Criterion Papers Meeting Criterion / Total Finding
Parsimony 8/8 (100%) All studies conducted human evaluations
Plausibility 8/8 (100%) All studies assessed the credibility of explanations
Coverage 0/8 (0%) None reported the ratio of successful vs. failed interactions
Fidelity 0/8 (0%) None examined the model's internal reasoning process
Continuity 2/8 (25%) Only two studies had ≥100 participants
Consistency 6/8 (75%) Most reported consistency-related information
Efficiency 2/8 (25%) Only two provided computational implementation details

Ablation Study

This paper substitutes comparative analysis for ablation experiments:

Dimension ToM Conventional XAI Gap
User-centered evaluation Strong Weak ToM prioritizes user perception
Model fidelity Weak Potentially strong ToM neglects internal reasoning verification
Explanation plausibility Validated Technically oriented Different foci
Participant scale Mostly <100 Highly variable ToM requires larger-scale studies
Reproducibility Weak Domain-dependent A shared challenge

Key Findings

  1. Fidelity is the greatest blind spot: None of the eight papers examined whether explanations faithfully reflect the model's internal reasoning, creating a risk of misleading users.
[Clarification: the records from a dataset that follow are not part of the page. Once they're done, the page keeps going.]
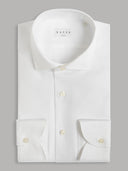 Shirt man xacus solid colour oxford white_1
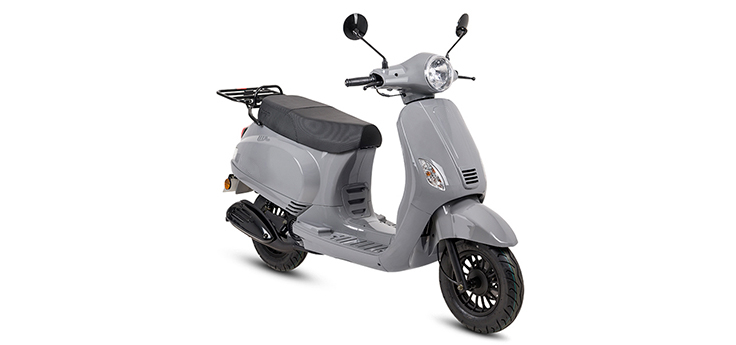 Części zamienne Fosti Touring Euro2 szary nardo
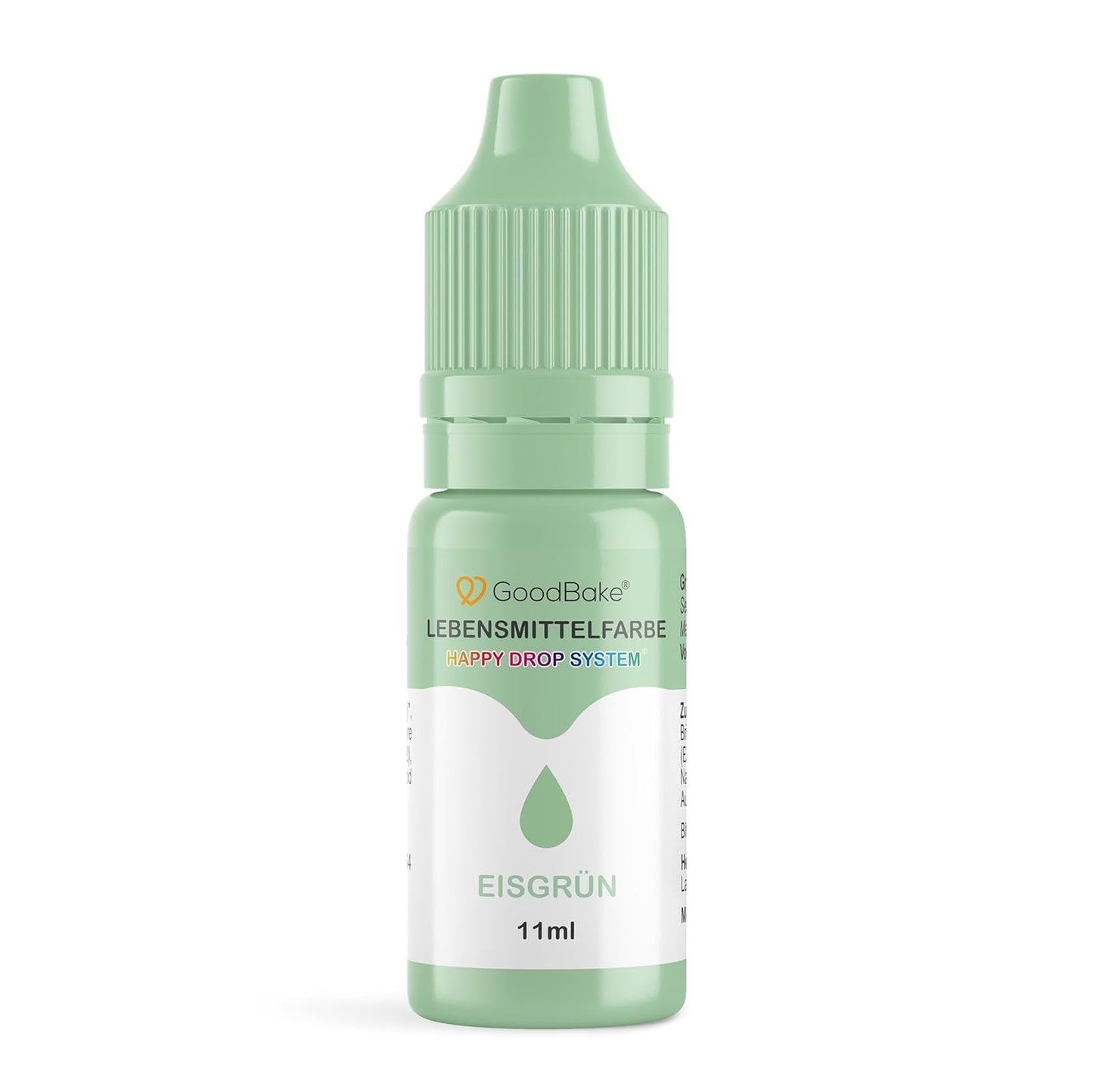 Goodbake Pastell Sand Beige Lebensmittelfarbe (11 ml) – Hochdosierte Lebensmittelfarbe – Zum Färben von Kuchen, Fondant, Buttercreme, Macarons, Getränken, Schleim und vielen anderen Gegenständen. 100 % vegan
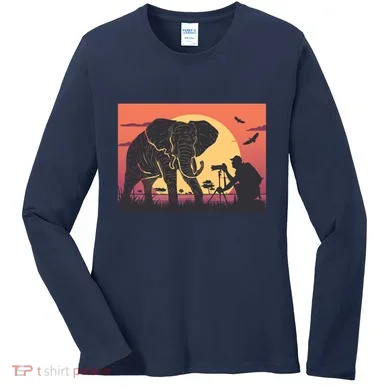 Women's Long Sleeve Shirt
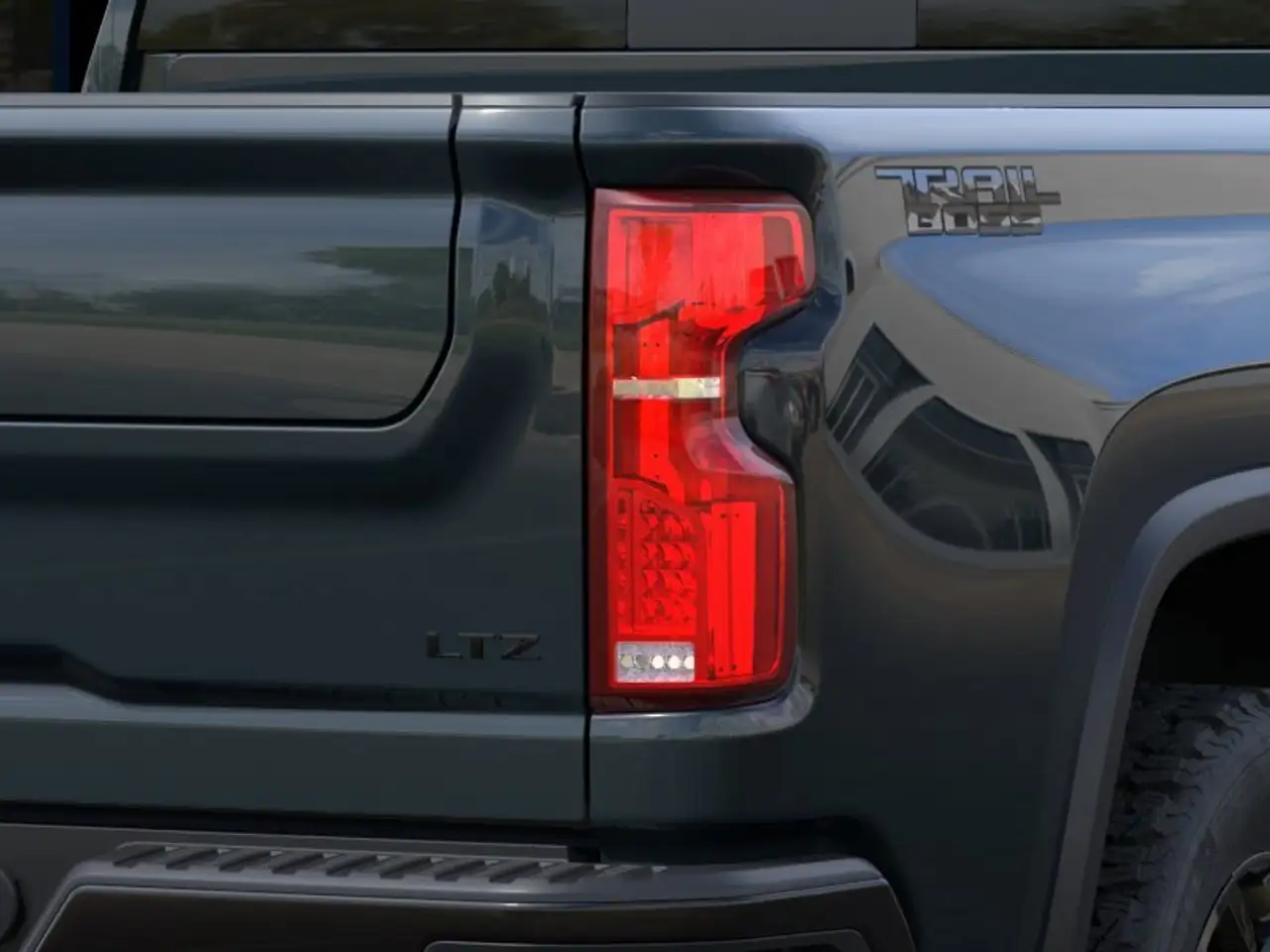 Chevrolet Silverado 2500 снимка Chevrolet Silverado 2500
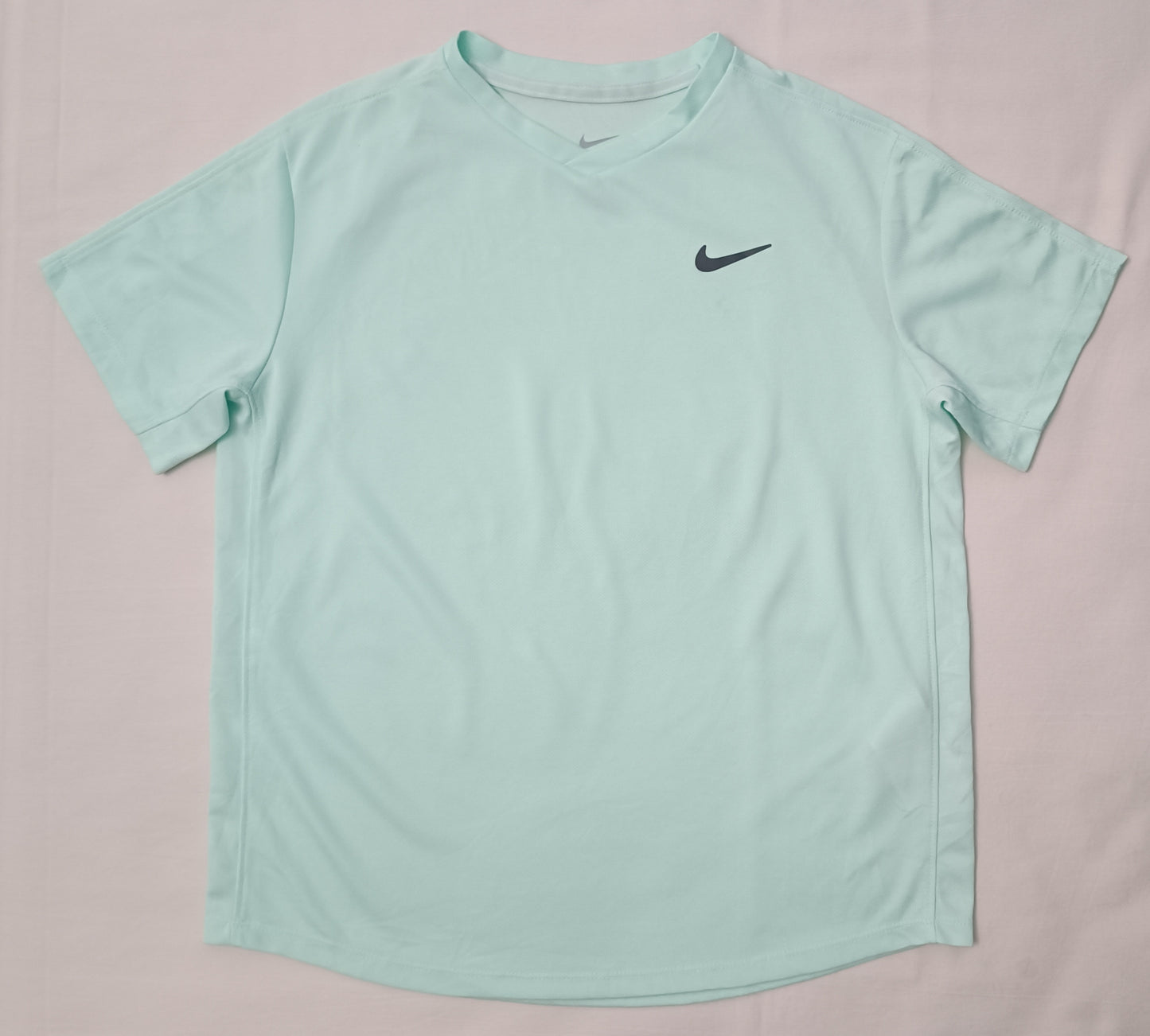 (ДЕТСКО) (Ръст 158-170см) Nike Court DRI-FIT Tee тениска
Explanations provided by robots may bear no relation to the actual decision process.
  2. Coverage is entirely absent: No paper reported the ratio of successful vs. failed interactions, making it impossible to assess the reliability of the approach in real-world scenarios.
  3. User-centered evaluation is ToM's strength: All studies conducted human evaluations (satisfying parsimony and plausibility), which is precisely what the XAI community often lacks.
  4. Scalability issues: Most studies had fewer than 100 participants, limiting the generalizability of their conclusions.

Highlights & Insights

  1. Interdisciplinary bridging holds substantial value—connecting the ToM community (cognitive science/HRI) with the XAI community (AI/ML) and highlighting their complementarity: ToM offers user-centeredness but lacks fidelity; XAI offers technical rigor but lacks user perspective.
  2. The centrality of fidelity: If a robot's "explanation" does not reflect its true reasoning, the explanation becomes a façade that may be counterproductive, fostering misplaced trust.
  3. The systematicity of the VXAI framework: The seven criteria provide a clear checklist for future ToM+XAI work.
  4. The proposed perspective shift is forward-looking—moving from "interpretability of the AI system itself" toward "explanations driven by users' information needs."

Limitations & Future Work

  1. Lack of empirical validation: The paper only proposes a framework and analysis; no system integrating ToM+XAI is actually constructed.
  2. The mapping of evaluation criteria may be oversimplified: For instance, treating "human evaluation was conducted" as sufficient to satisfy parsimony and plausibility may not be precise enough.
  3. Limited coverage: Only eight papers are analyzed, potentially overlooking relevant work.
  4. Implementation pathways are insufficiently specific: Directions such as Bayesian reinforcement learning, behavior trees, and explainable reinforcement learning (XRL) are mentioned, but technical details are absent.
  5. The threshold for continuity and consistency (≥100 participants) is somewhat arbitrary; in HRI research, a sample of 100 participants is already considerable.
  • The VXAI framework (Dembinsky et al., 2025) provides a unified standard for XAI evaluation; this paper represents the first application of this framework to ToM research.
  • Angelopoulos et al. (2025) is the ToM study satisfying the greatest number of VXAI criteria and can serve as a reference for future work.
  • Bayesian reinforcement learning, behavior trees, and explainable reinforcement learning (XRL) are proposed as technical pathways for future ToM+XAI integration.
  • The analytical methodology of this paper can be extended to evaluate other HRI systems that claim to provide "explanations."

Rating

  • Novelty: ⭐⭐⭐⭐ — The perspective of evaluating ToM as a form of XAI is novel.
  • Experimental Thoroughness: ⭐⭐ — Confined to literature analysis; no empirical experiments.
  • Writing Quality: ⭐⭐⭐⭐ — Argumentation is clear with a coherent logical structure.
  • Value: ⭐⭐⭐ — A position paper that identifies an important direction but requires subsequent empirical support.